During the 2018 short session, Lowe filed a companion bill to Alexander’s HB 994 – SB 791 –in the Senate. It, too, got stuck in committee and received no hearing.
The session that convenes this week is an extension of the year’s third special session and is expected to focus on voter I.D. laws. Don’t expect any new cannabis legislation this year. But next year expect four or more bills to be filed between the state House of Representatives and the Senate.
Special sessions, which cost taxpayers an estimated $42,000 per day, used to be rare and reserved for urgent issues, but since 2016 – when there were five – they have become commonplace. In this week’s case, the most recent special session wasn’t adjourned and Nov. 27 was established as the date when the NCGA would convene to continue the work of that session.
So far in the third special session of 2018, 15 bills related to Hurricane Florence relief have been voted on, eight in the House of Representative and seven in the Senate.
2019 Long Session Preview
Alexander says to expect the first of his bills – he’s working on several, one to modernize expungement law and another focused on decriminalization – to be filed in late January or early February. He said he’s also working on legislation that would allow for a local option similar to the state’s ABC laws.
It’s also likely that bills will be filed to help those participating in the N.C. Industrial Hemp Pilot Program with their banking woes.
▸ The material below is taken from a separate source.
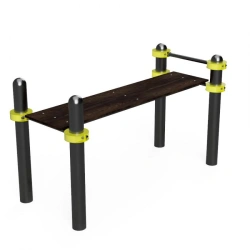 Horizontal gymnastics bench with foot lock for the test "Torso raise from supine position".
As Joellyn Evans, owner of My Green Room – a hemp dispensary in Rutherfordton, N.C. — explained during a podcast interview, banking continues to be a challenge for the state’s hemp companies, as it is for cannabis companies nationwide. She explained that she has had to change banks more than once since opening her store earlier this year. Further, she said, when she can find credit card processors they treat the hemp industry as “high risk” and charge additional fees not charged to most other companies, driving the price of hemp products higher than they would be otherwise.
My Green Room is a sponsor of Carolina Cannabis News.
It’s the federal classification of cannabis as a Schedule 1 drug, which makes it illegal in the eyes of the federal government, that causes banks to freak out and do things like shut down a political candidate’s bank account because they received a donation from a cannabis firm.
Carolina Cannabis News reviewed Alexander’s campaign finance reports from 2017 and 2018 – the forth quarter report is due in early January – and did not find any donations from cannabis companies and only one noticeable donation from a hemp company owner. That donation was for $50.